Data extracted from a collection
------------------------
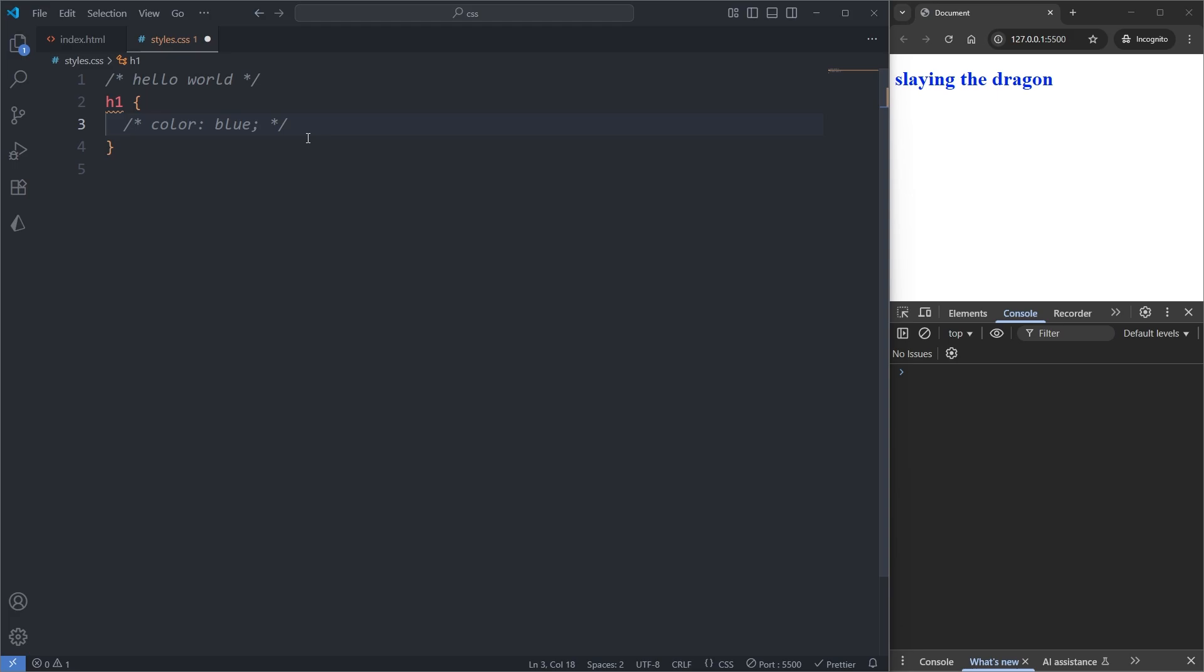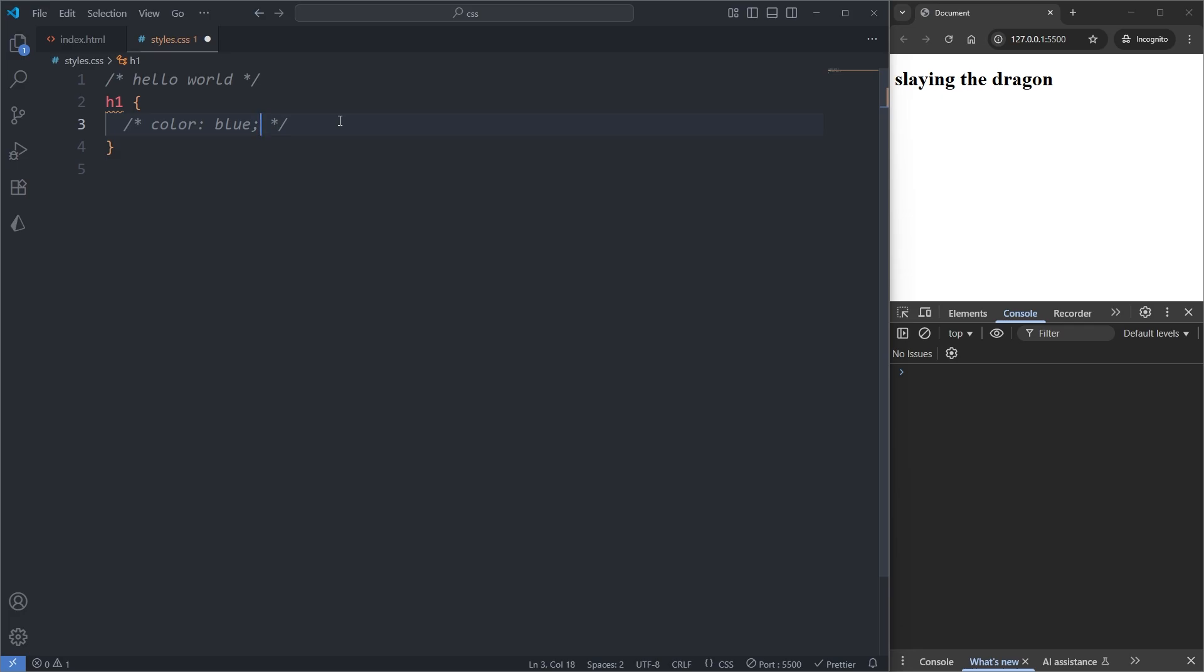To undo our comment, I can again press control slash on our comment and it removes it. Or if I bring it back, I can use the undo shortcut in VS Code to undo my last action by pressing control Z on my keyboard, or redo by pressing control shift Z on my keyboard.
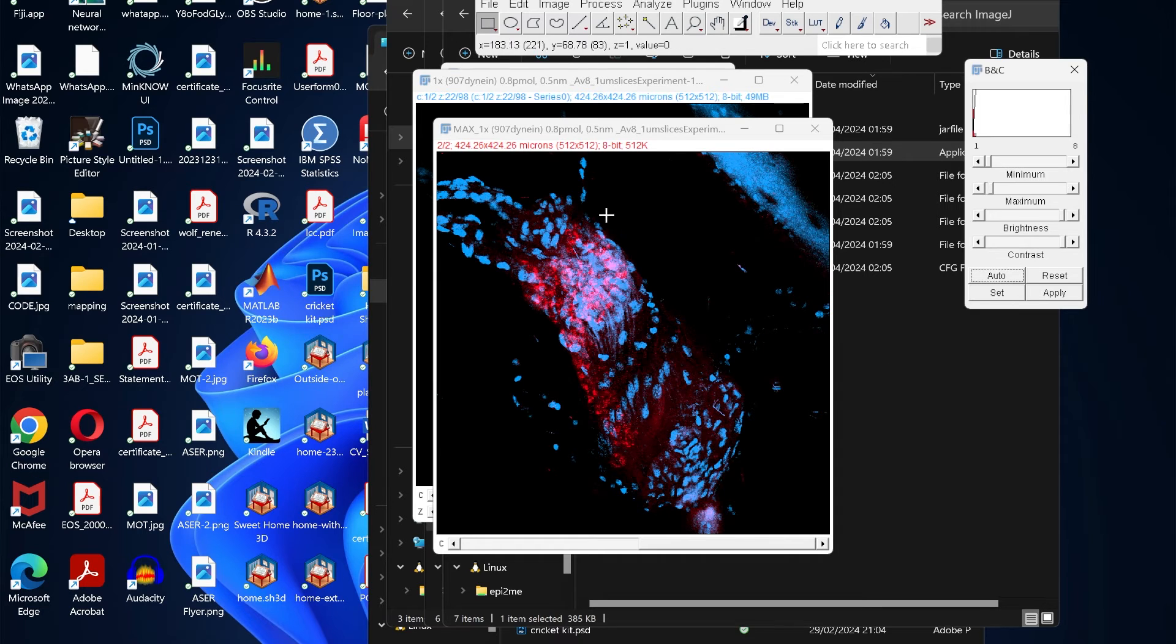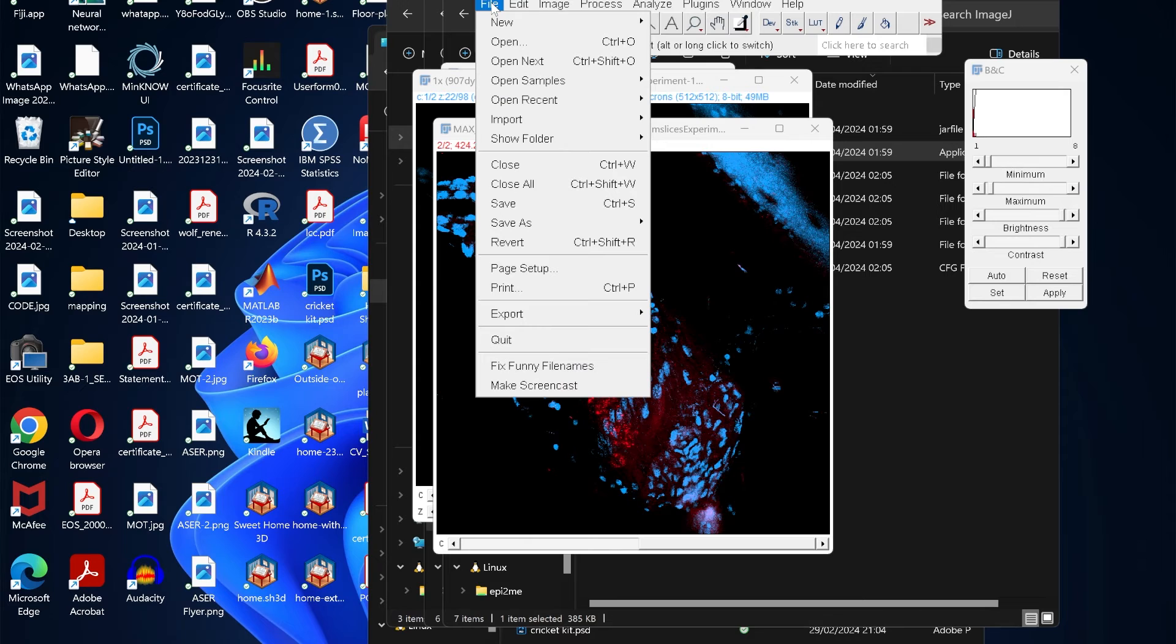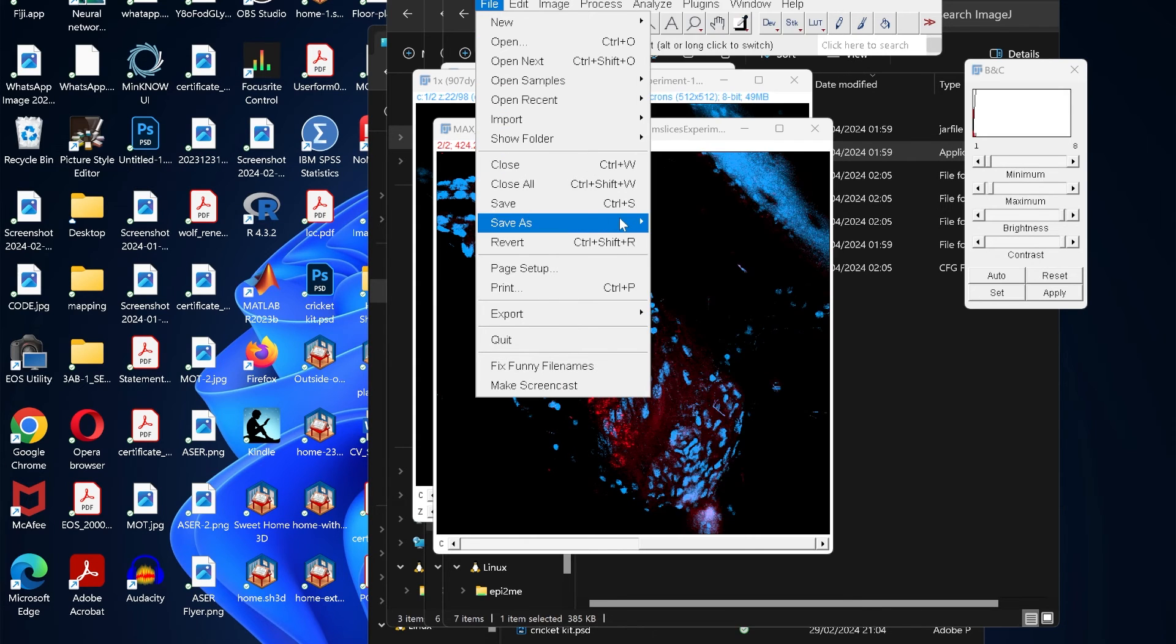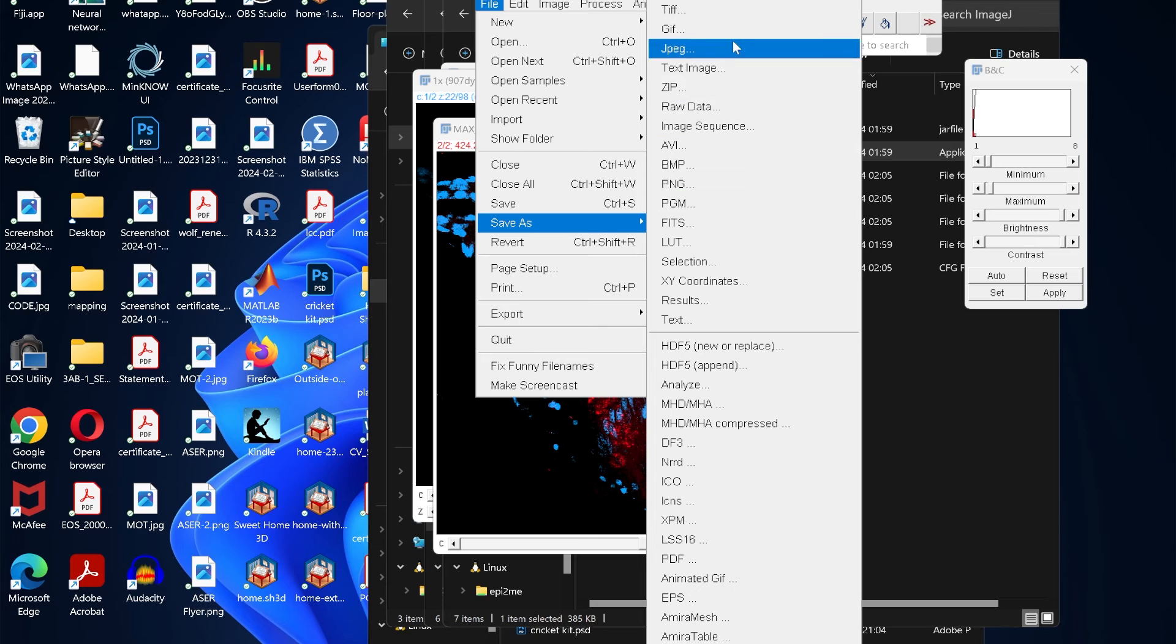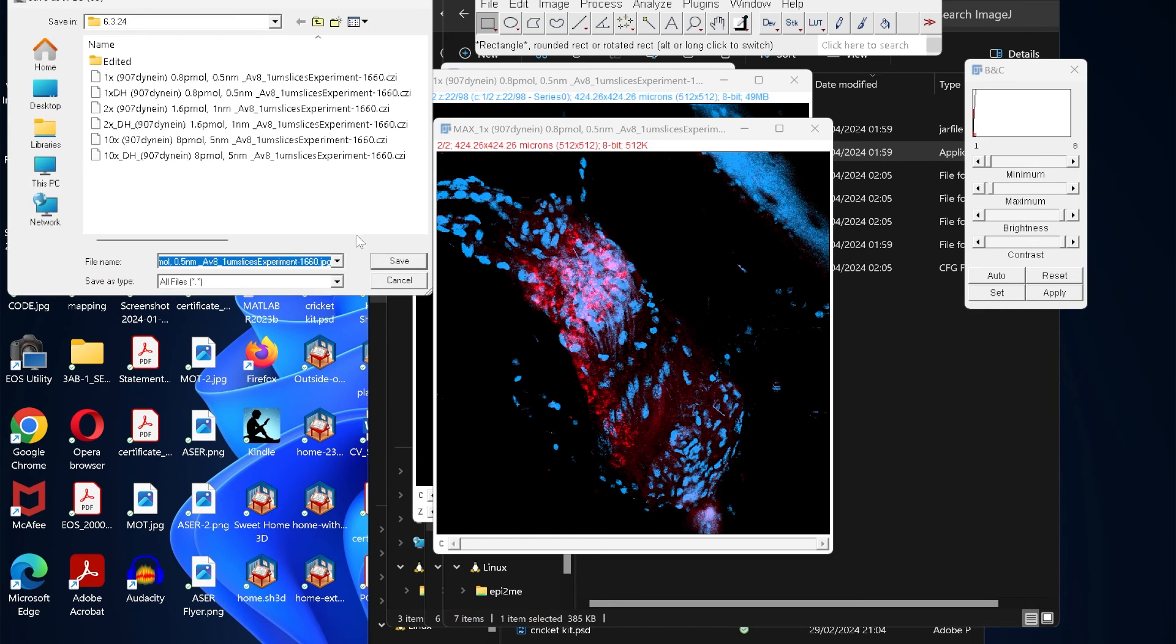Once you're happy with the adjustment, all you have to do is save the image. Click on File, then Save As, and you can choose the format you want, but it's easier to use the JPEG format. Choose the location and then you can save.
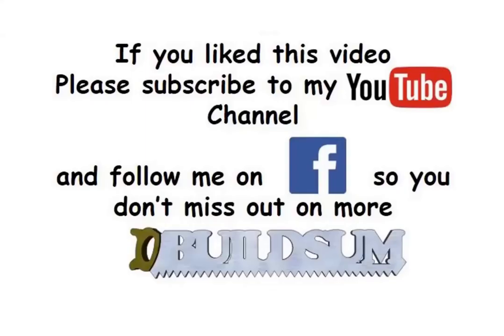G'day, I'm back, just to let you know that if you like this video you can subscribe to my YouTube channel or you can follow me on Facebook so you don't miss out on more great videos.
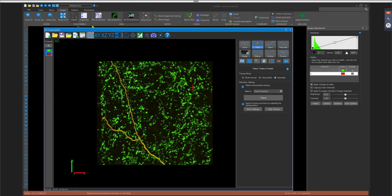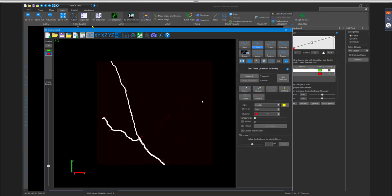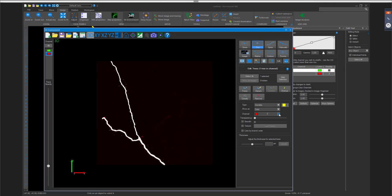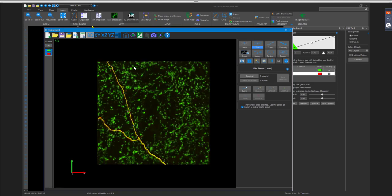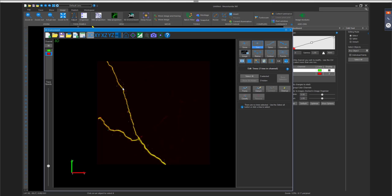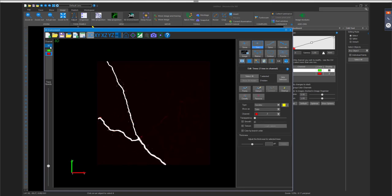Conversely, if you traced a tree in the red channel and realize it should belong to the green channel, you can go to Edit and find a 'Channel' option in the edit window to reassign it. This is helpful for users who prefer working with all data visible at once — if tracing was done without isolating a channel, you can reassign the channel association afterward through the edit panel.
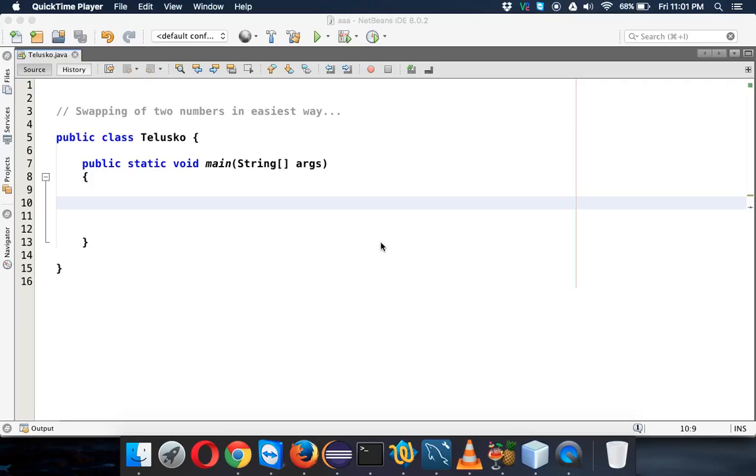Hello subscriber. Oh, you're not a subscriber? So do subscribe first and then watch this video. In this video we'll talk about swapping two numbers. Now in the last video we already seen how to swap two numbers, but in this video we'll see the easiest way. This formula or technique was suggested by one of my subscribers.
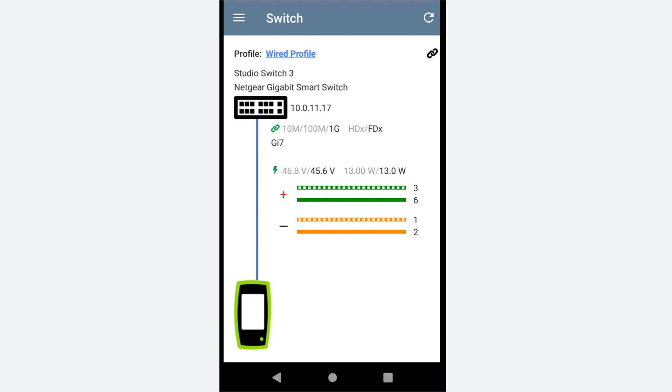As for the duplex, the switch supports both half and full duplex, and we are connected using full duplex.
------------------------
Required work
Return every entry above exactly as written, with no pictures included.

Solved problem
To undo our comment, I can again press control slash on our comment and it removes it. Or if I bring it back, I can use the undo shortcut in VS Code to undo my last action by pressing control Z on my keyboard, or redo by pressing control shift Z on my keyboard.
Once you're happy with the adjustment, all you have to do is save the image. Click on File, then Save As, and you can choose the format you want, but it's easier to use the JPEG format. Choose the location and then you can save.
G'day, I'm back, just to let you know that if you like this video you can subscribe to my YouTube channel or you can follow me on Facebook so you don't miss out on more great videos.
Conversely, if you traced a tree in the red channel and realize it should belong to the green channel, you can go to Edit and find a 'Channel' option in the edit window to reassign it. This is helpful for users who prefer working with all data visible at once — if tracing was done without isolating a channel, you can reassign the channel association afterward through the edit panel.
Hello subscriber. Oh, you're not a subscriber? So do subscribe first and then watch this video. In this video we'll talk about swapping two numbers. Now in the last video we already seen how to swap two numbers, but in this video we'll see the easiest way. This formula or technique was suggested by one of my subscribers.
As for the duplex, the switch supports both half and full duplex, and we are connected using full duplex.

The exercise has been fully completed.